Solution: Depth-First Search (DFS)

This problem can be efficiently solved using Depth-First Search (DFS). The core idea is to iterate through grid2. Whenever we encounter a land cell (value 1), we initiate a DFS to explore the entire connected island. During this DFS, we simultaneously check if each cell in the island is also land in grid1. If even one cell in the grid2 island is water in grid1, the entire grid2 island is not a sub-island.

Algorithm

  1. Iterate: Traverse grid2 row by row and column by column.
  2. DFS Initiation: If a cell grid2[i][j] is 1 (land), start a DFS exploration from that cell.
  3. DFS Exploration:
    • Mark the current cell as visited in grid2 by setting it to 0.
    • Check if the corresponding cell in grid1 is also 1. If not, the island is not a sub-island, so we set isSubIsland to false.
    • Recursively explore the four adjacent cells (up, down, left, right).
  4. Sub-island Check: After the DFS for a connected component completes, if isSubIsland is still true, increment the count of sub-islands.

Time and Space Complexity

  • Time Complexity: O(M * N), where M and N are the dimensions of the grid.
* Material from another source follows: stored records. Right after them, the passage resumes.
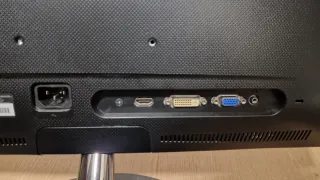 Monitor Asus 24 IPS HDMI Nero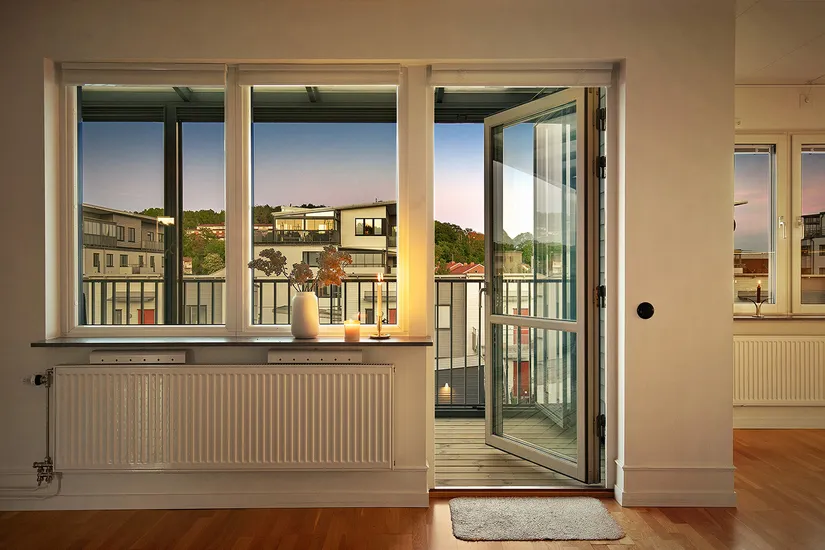 Bostadsrätt, Selma Lagerlöfs gata 8, Centrum, Kungälv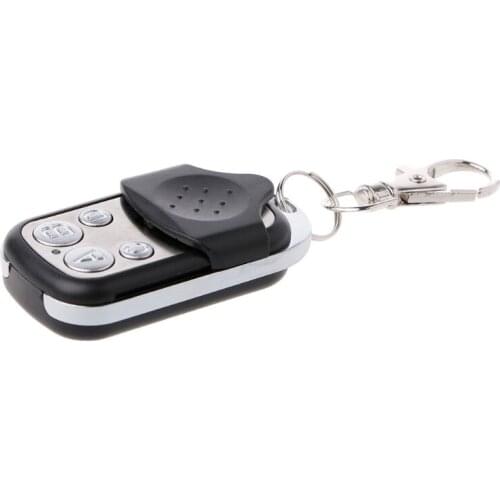 Duplicator Remote Control Copy CAME TOP 432NA Universal Garage Door Transmitter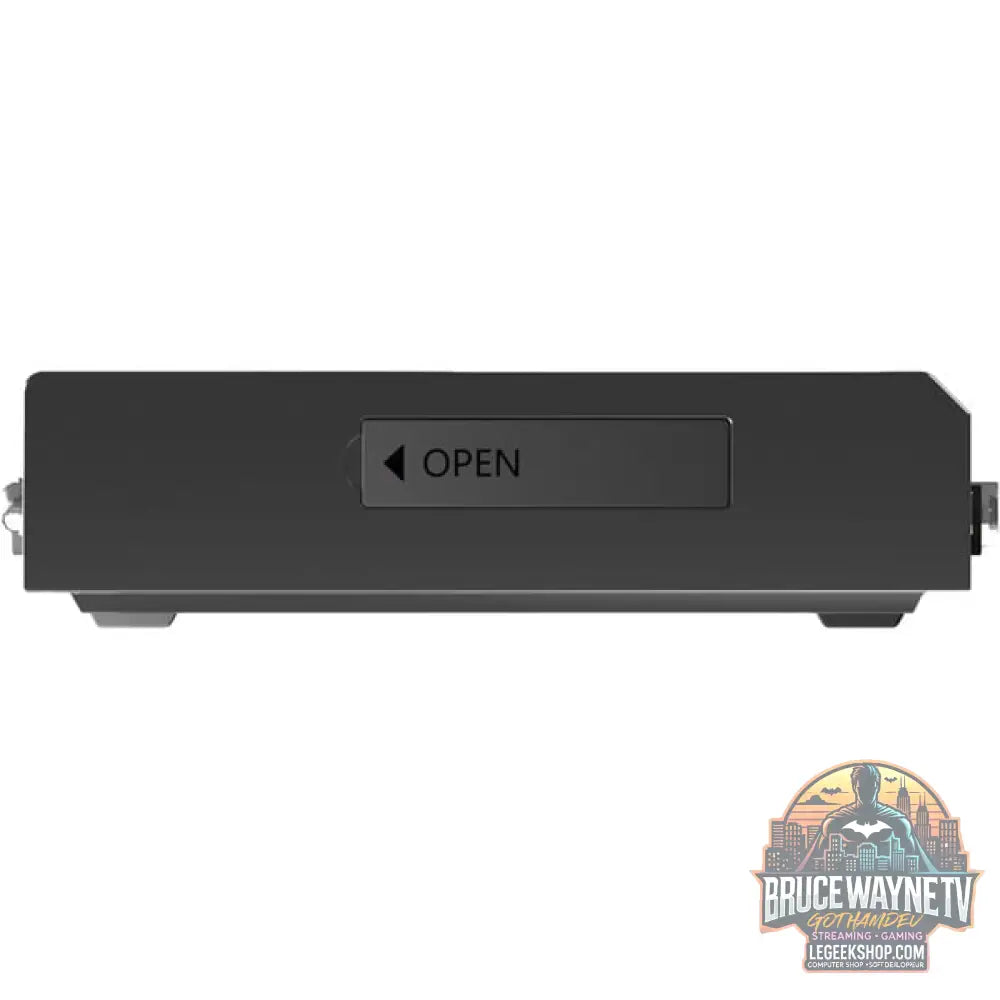 ThinkEdge SE10 (12NH0005GE), Edge-System — vue 5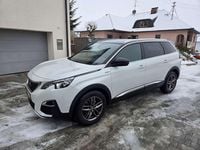 Gebraucht Peugeot 5008 S 131 PS (96 kW) 2018 Weiß SUV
We visit each cell at most once.
  • Space Complexity: O(M * N) in the worst case, due to the recursive call stack of the DFS. In practice, it could be less depending on the structure of the islands.

Code (Python)

def countSubIslands(grid1, grid2):
    m, n = len(grid1), len(grid1[0])
    count = 0
 
    def dfs(i, j):
        if not (0 <= i < m and 0 <= j < n and grid2[i][j] == 1):
            return True  # Base case: out of bounds or water
 
        grid2[i][j] = 0  # Mark as visited
 
        is_sub_island = grid1[i][j] == 1  # Check if this cell is land in grid1
 
        is_sub_island &= dfs(i + 1, j)  # Explore down
        is_sub_island &= dfs(i - 1, j)  # Explore up
        is_sub_island &= dfs(i, j + 1)  # Explore right
        is_sub_island &= dfs(i, j - 1)  # Explore left
 
        return is_sub_island
 
    for i in range(m):
        for j in range(n):
            if grid2[i][j] == 1:
                if dfs(i, j):
                    count += 1
 
    return count
 

The code in other languages (Java, C++, Go, TypeScript, JavaScript) follows a very similar structure, using the same DFS logic. The primary difference would be in syntax and data structure handling specific to each language. The core algorithm remains the same.